In a fiscal year when unemployment averaged only 3.6%, that’s a horribly high budget deficit to run, and a sign that something is deeply wrong with US fiscal policy. Worse, this past year’s deficit was artificially and temporarily held down by the Supreme Court striking down much of President Biden’s plan to forgive student debt. Without that decision, the deficit would have been close to 8% of GDP.
The bottom line is that the US is approaching a fiscal reckoning sometime in the next few years where it will need to either reduce future spending or find more future revenue. Even tougher, this will have to happen in a geo-political backdrop where the US may have to ramp up military spending to project more power in the Pacific.
We root for spending cuts, particularly to entitlements. But, given that politicians who advocate for spending cuts using any tool they can find (debt ceiling or shutdowns) are verbally flayed by the establishment, we are not holding our breath. The establishment wants tax hikes, and that’s likely what we will get.
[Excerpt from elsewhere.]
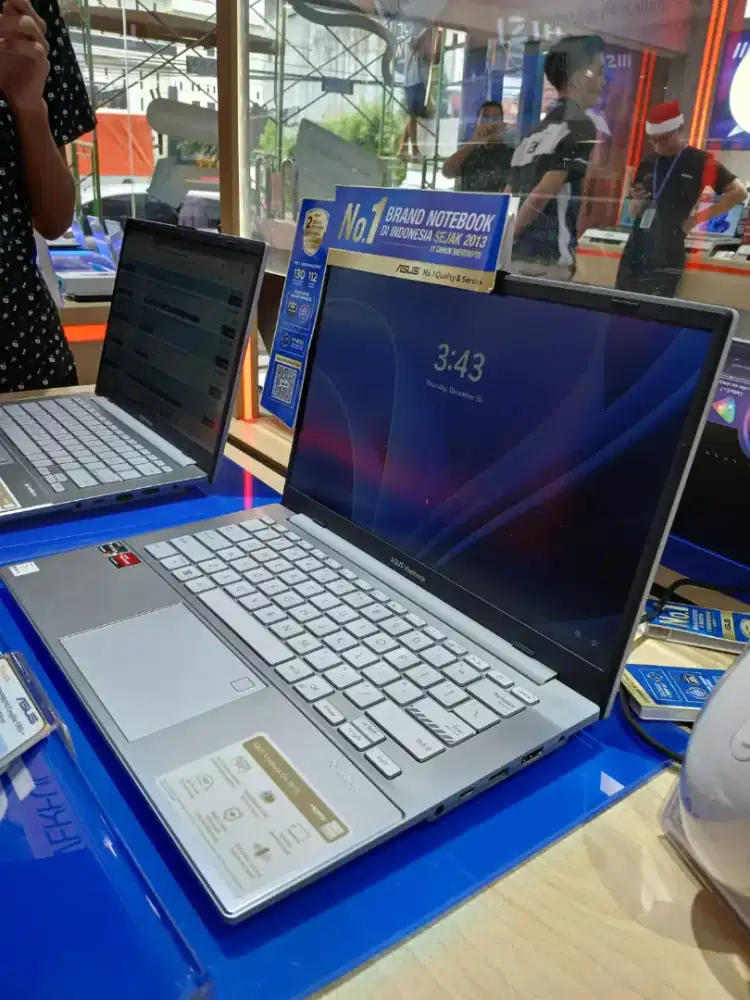 ASUS VIVOBOOK E1404FA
The good news is that we don’t think tax hikes will hit until at least 2026. Why that year? Because significant parts of the tax cuts enacted in 2017 under President Trump are set to expire at the very end of 2025. That expiration will focus the minds of politicians running for federal office in 2024, House, Senate, and President. In turn, in 2025, depending on the outcome of the election, some sort of deal will be reached about extending those tax cuts.
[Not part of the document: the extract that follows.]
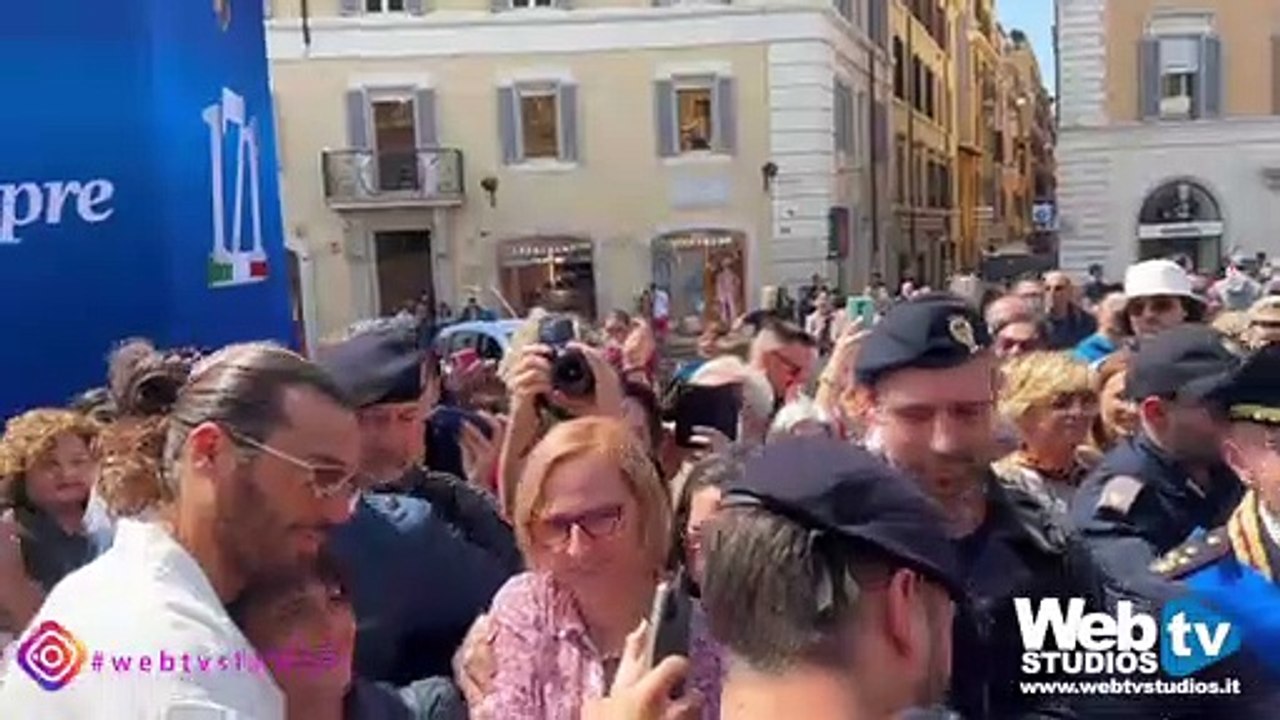 Can Yaman alla Festa della Polizia #webtvstudios #donatorinati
We think there’s about a 35% chance of a Republican sweep in 2024 (the presidency and majorities in both House and Senate). If that happens, we will likely get an extension of all the Trump tax cuts. However, unless that extension is coupled with aggressive spending cuts or entitlement reforms, it will be tough to sustain those tax cuts well beyond 2026.
We also think there is about a 20% chance of a Democratic sweep. If that happens, we’re likely to get significant across-the-board tax hikes. Policymakers will claim they are only raising income tax rates on “the rich,” but we think other kinds of tax hikes would be on the table, like higher gas taxes or maybe a carbon tax like the Clinton Administration proposed in 1993. In addition, taxes would likely go up on corporations, even though much of the burden from such a tax hike would be felt by their workers and their customers.
That leaves a 45% chance of having mixed government in 2025-26, with each party having control of at least one of the White House, the House or the Senate. In that case, expect most of the Trump tax cuts to be extended, except at upper income levels, where tax rates would likely revert to where they were under President Obama. This would be similar to the compromise that was reached for 2013, when the Bush tax cuts enacted in 2001 and 2003 were set to expire.
The one thing we know for sure is the US is on an unsustainable path. If we don’t cut spending, tax hikes are eventually on the way.